Passages of Interest

“I left the woods for as good a reason as I went there. Perhaps it seemed to me that I had several more lives to live, and could not spare any more time for that one. It is remarkable how easily and insensibly we fall into a particular route, a make a beaten track for ourselves. I had not lived there a week before my feet wore a path from my door to the pond side; and though it is five or six years since I trod it, it is still quite distinct. It is true, I fear that others may have fallen into it, and so helped keep it open. The surface of the Earth is so soft and impressible by the feet of men; and so with the paths which the mind travels. How worn and dusty, then, must be the highways of the world, how deep the ruts of tradition and conformity! I did not wish to take the cabin passage, but rather to go before the mast and on the deck of the world, for there I could best see the moonlight amid the mountains. I do not wish to go below now” (Thoreau 351).
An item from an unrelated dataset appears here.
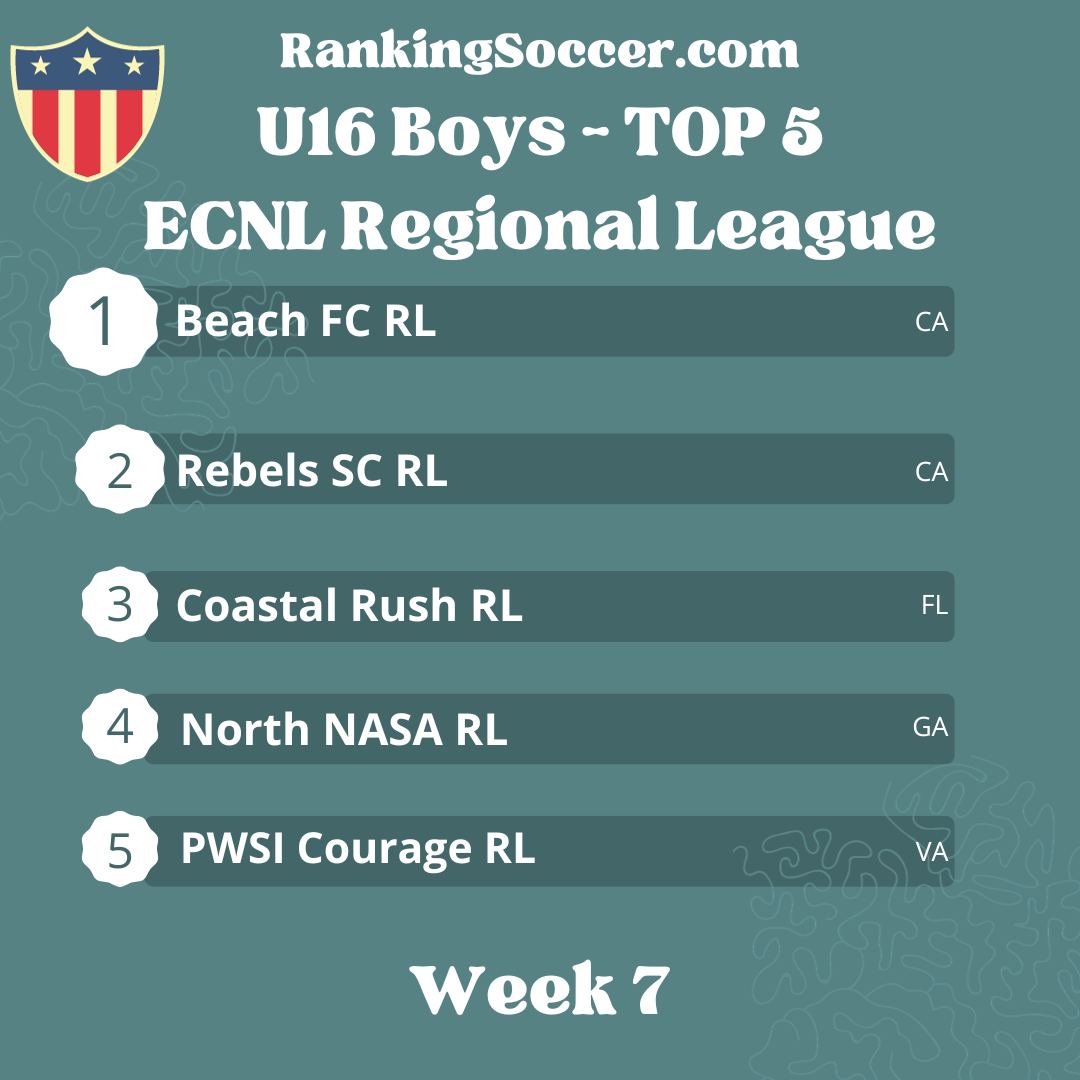 WEEK 7: U16 (2008) Boys ECNL Regional League Top 25 Youth Soccer Rankings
This passage stood out to me as he is recommending we avoid the beaten track and avoid falling into the same old rut, but is admitting this too happens to him even during his time at Walden.

“However mean your life is, meet it and live it; do not shun it and call it hard names. It is not so bad as you are. It looks poorest when you are richest. The fault-finder will find faults even in paradise” (Thoreau 356).

This passage stood out to me as I found the words to be encouraging. So often I think we do take our lives for granted; we find faults where we could not if we would embrace our lives as they are by “meeting it” and “living it”.